Supplied entries
────

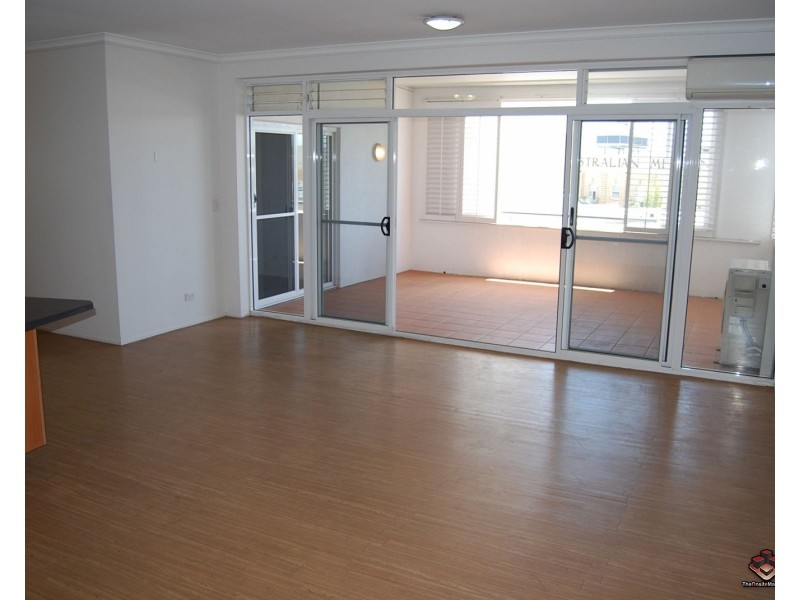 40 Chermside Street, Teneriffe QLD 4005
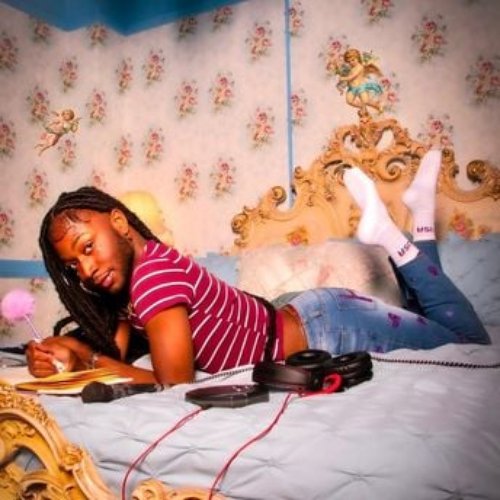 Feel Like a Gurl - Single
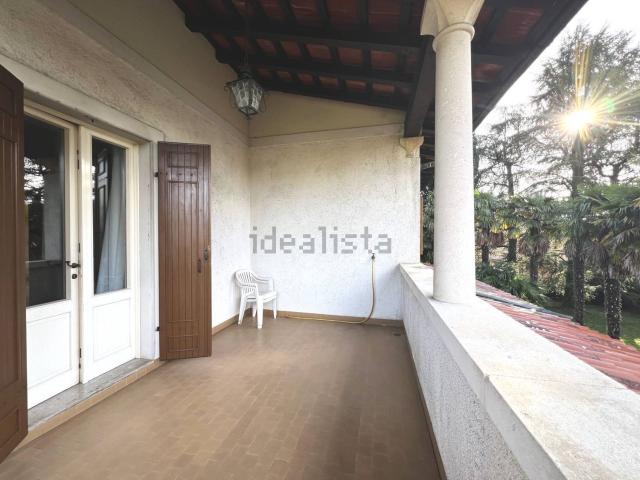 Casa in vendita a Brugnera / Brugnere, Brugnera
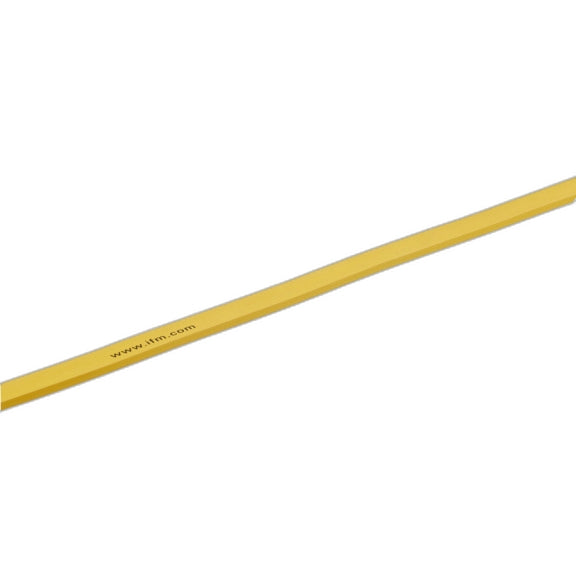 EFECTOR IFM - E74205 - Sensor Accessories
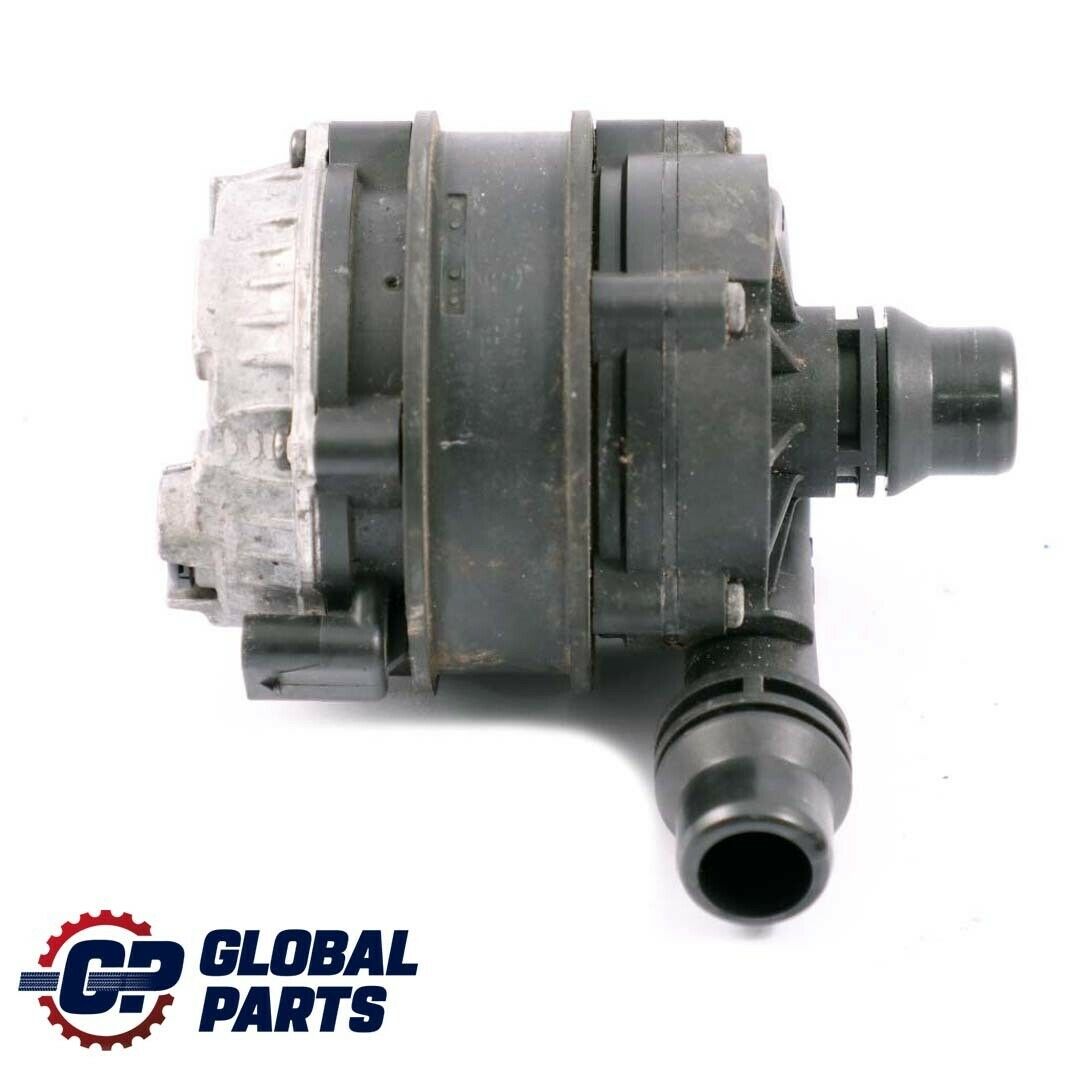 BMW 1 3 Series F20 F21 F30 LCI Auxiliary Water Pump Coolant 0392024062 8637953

────

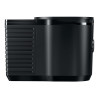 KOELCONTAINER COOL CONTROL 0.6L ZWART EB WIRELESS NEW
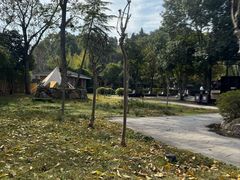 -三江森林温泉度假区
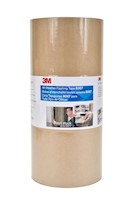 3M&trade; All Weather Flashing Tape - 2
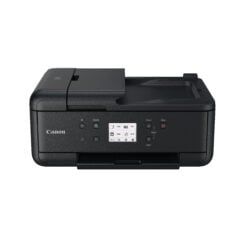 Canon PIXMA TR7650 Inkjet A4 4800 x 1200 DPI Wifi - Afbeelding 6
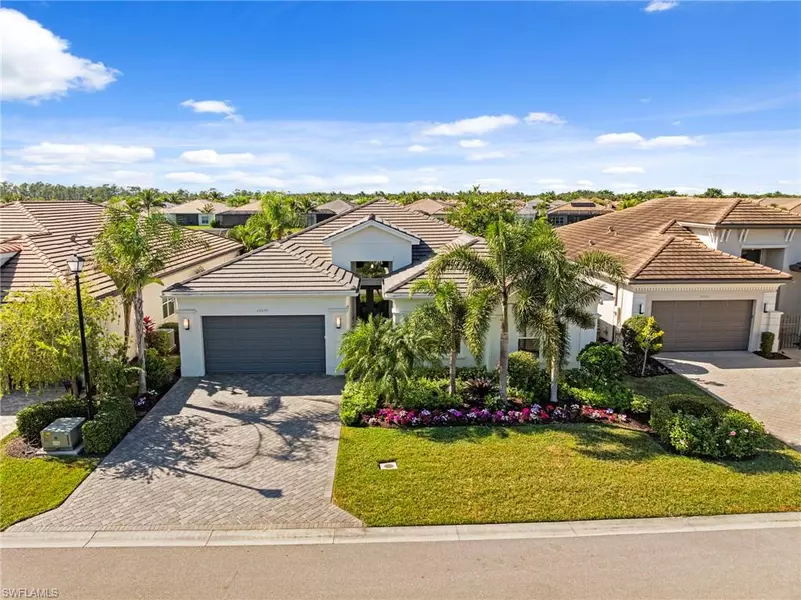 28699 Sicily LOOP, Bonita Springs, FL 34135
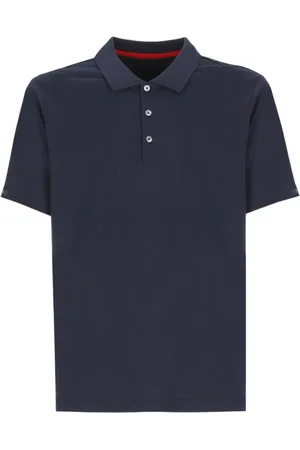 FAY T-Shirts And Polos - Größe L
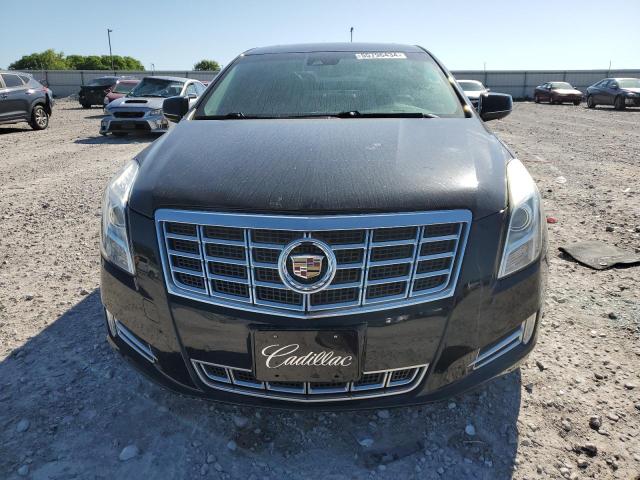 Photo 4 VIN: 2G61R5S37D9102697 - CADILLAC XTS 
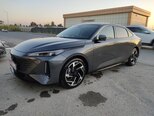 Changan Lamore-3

────

Problem
Once the line with "KOELCONTAINER COOL CONTROL" is found in the data above, reproduce it and each line after it exactly, through the line with "Changan Lamore-3". Omit the pictures.

Solved exercise
 KOELCONTAINER COOL CONTROL 0.6L ZWART EB WIRELESS NEW
 -三江森林温泉度假区
 3M&trade; All Weather Flashing Tape - 2
 Canon PIXMA TR7650 Inkjet A4 4800 x 1200 DPI Wifi - Afbeelding 6
 28699 Sicily LOOP, Bonita Springs, FL 34135
 FAY T-Shirts And Polos - Größe L
 Photo 4 VIN: 2G61R5S37D9102697 - CADILLAC XTS 
 Changan Lamore-3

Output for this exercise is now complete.